The existing research addressing non-visual indoor navigation is limited to route guidance between locations (i.e., the corridor network). This focus ignores many critical regions contained within indoor spaces (e.g., rooms, lobbies, etc.), locations which are often as challenging to learn and navigate without vision as are the routes connecting them. To address this challenge, this thesis investigates the use of natural language (NL) descriptions as a non-visual medium for providing access to indoor scenes, including room structure, furniture placement, and location of salient landmarks. The work is part of a larger project to develop a system, called the Describer for Indoor Scenes (DISc) that uses automatically generated NL descriptions to represent indoor scenes based on photos taken in real-time from mobile devices. In order to develop cognitively comprehensible NL descriptions of indoor scenes, it is critical to first understand how humans describe and interpret the scene in order to support spatial behavior. To this end, six behavioral experiments were conducted to characterize scene descriptions generated by human observers and to optimize these descriptions based on cognitive constraints and the structure of linguistic information to be included to best support non-visual learning, representation, and navigation.

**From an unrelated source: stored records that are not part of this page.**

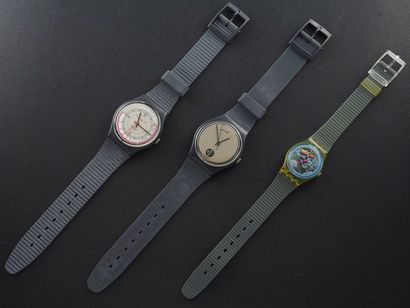 null SWATCH, lot de 3 montres comprenant les modèles suivants :

-Pulsometer (Bracelet...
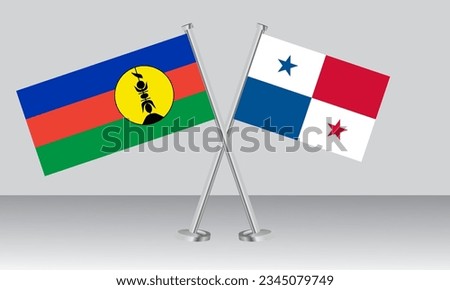 Crossed flags of New Caledonia and Panama. Official colors. Correct proportion. Banner design
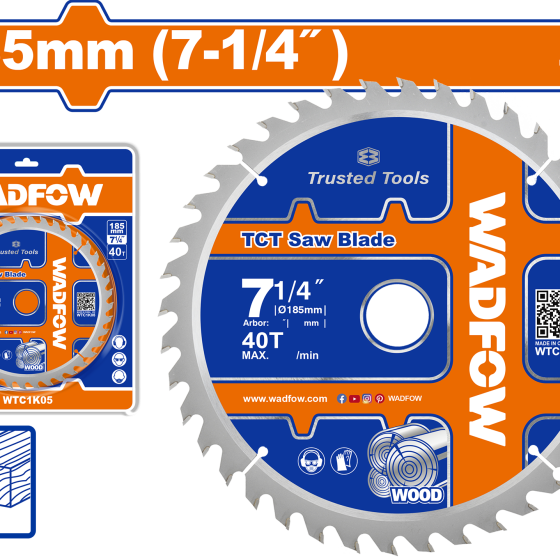 DISCO DE CORTE PARA MADERA DE 7 1/4 X 40D WADFOW (WTC1K05)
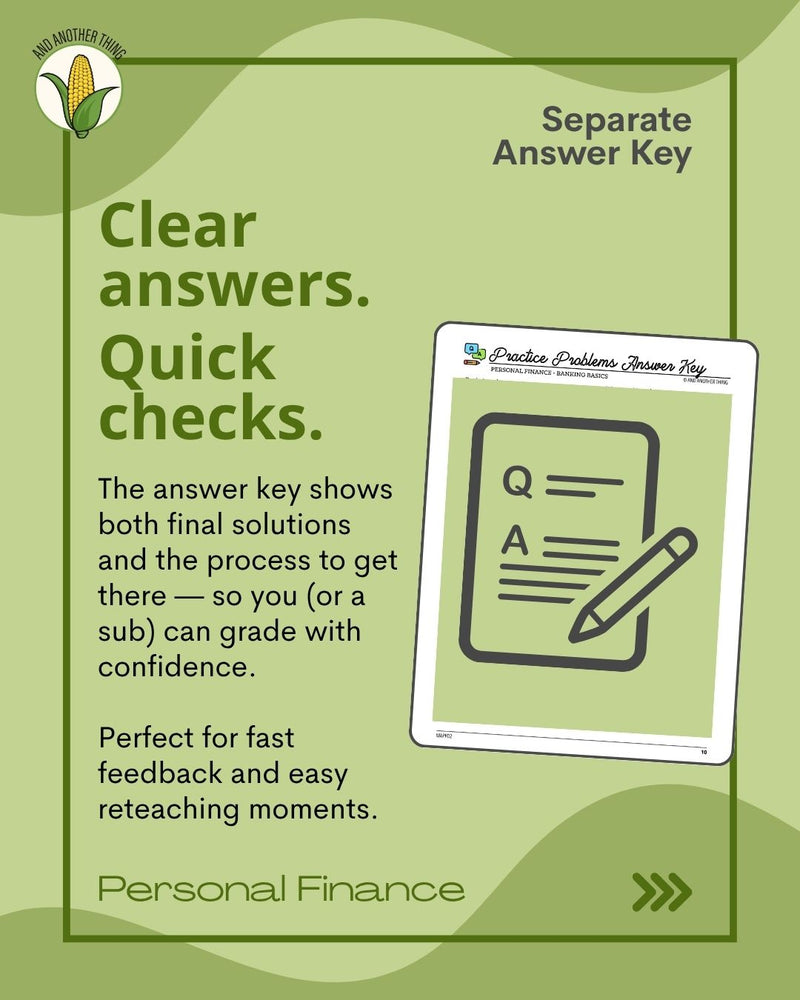 Load image into Gallery viewer, And Another Thing MATH APPLICATION, Personal Finance BANKING BASICS (ANNUAL)

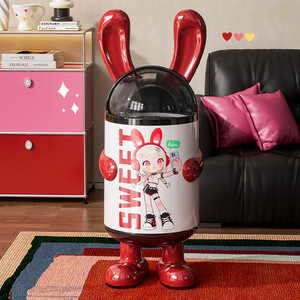 Flip Top Trash Can Cartoon Bunny Ear Design Cylindrical Indoor Waste Bin For Kitchen Living Room - Product Image 3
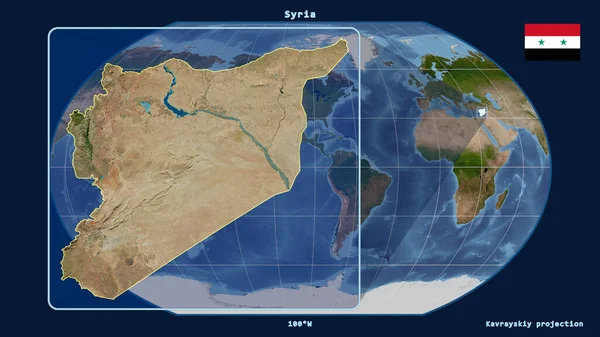 Zoomed Vista Della Siria Delineare Con Linee Prospettiche Contro Una — Foto Stock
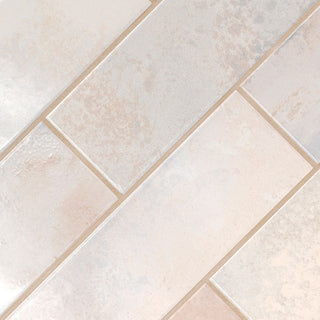 Pearl White - 4x12 Marza Rustic Mixed-Color Glossy Textured Ceramic Tile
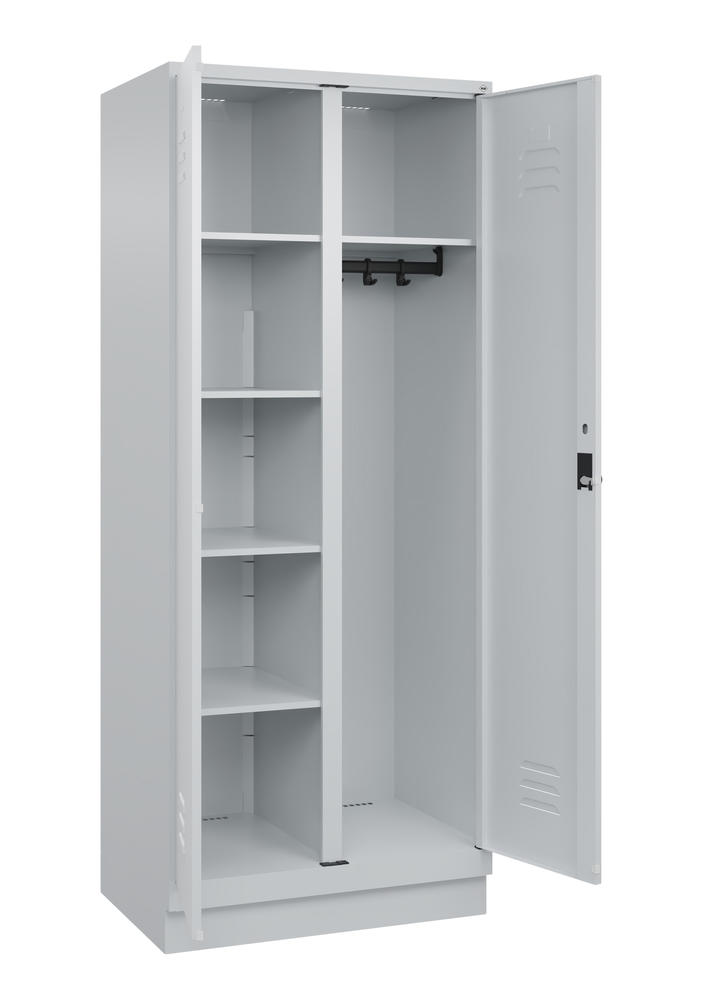 Kleider- u. Wäscheschrank, mit Sockel | Lichtgrau RAL 7035 | mit Sockel | Lichtgrau RAL 7035 | 400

The visual information that can be captured about a scene from photographs is potentially limited, both in quality and quantity, compared to the information apprehended from real time scene perception. Importantly for the DISc system, results from experiments 1, 2, and 3 converge to demonstrate that photographic observations are functionally equivalent to real time observations of indoor scenes in supporting spatial behavior and show that photographs can be used as information source in DISc. The data collected in these experiments showed that humans adopted different scene description strategies. To understand how the description strategy (i.e., order of objects) affected scene learning and reconstruction, a 4th behavioral experiment was conducted. Results from this experiment suggest that following a cyclic path while describing an indoor scene (called a “Round-About strategy”) was the most efficient approach for acquiring and representing spatial knowledge.

The results from the first four experiments elucidated that people used two different angular units (clock face and degree measurements) to describe directional information. However, it was not clear from the extant literature how angular units affect spatial apprehension of the listener or which measure yields the most accurate performance. As directional information is critical for specifying the location of objects in a scene, this question was addressed in a fifth experiment, with results demonstrating that the most accurate performance manifested when angular directions were given as clock face units rather than degree measurements (i.e., 1:00 versus 30 degrees). Results also demonstrated that participants were equally accurate at producing angular values of 15 degrees or half hour increments (e.g., 1:30), which is meaningful as this is a 100% increase in precision from the standard clock face units employed in previous studies.

The sixth and final behavioral experiment was conducted to investigate whether the optimized NL scene descriptions support non-visual navigation of indoor scenes and if performance differs when using static or updated descriptions, meaning that they either were given from a fixed user perspective in the scene (as was done in the earlier experiments) or that the perspective changed based on the user’s position and orientation. Results showed a clear advantage for updated NL descriptions on navigation accuracy, indicating that to be maximally effective, DISc should implement descriptions based on the user’s real-time position and orientation as they move. Taken together, the results of six human experiments extend earlier research with route navigation by showing that optimizing NL indoor scene descriptions based on perceptual and cognitive factors led to efficient spatial learning, representation, and navigation. These empirical results provide the much needed proof of concept for the efficacy of future development of DISc as a fully automated NL scene description system.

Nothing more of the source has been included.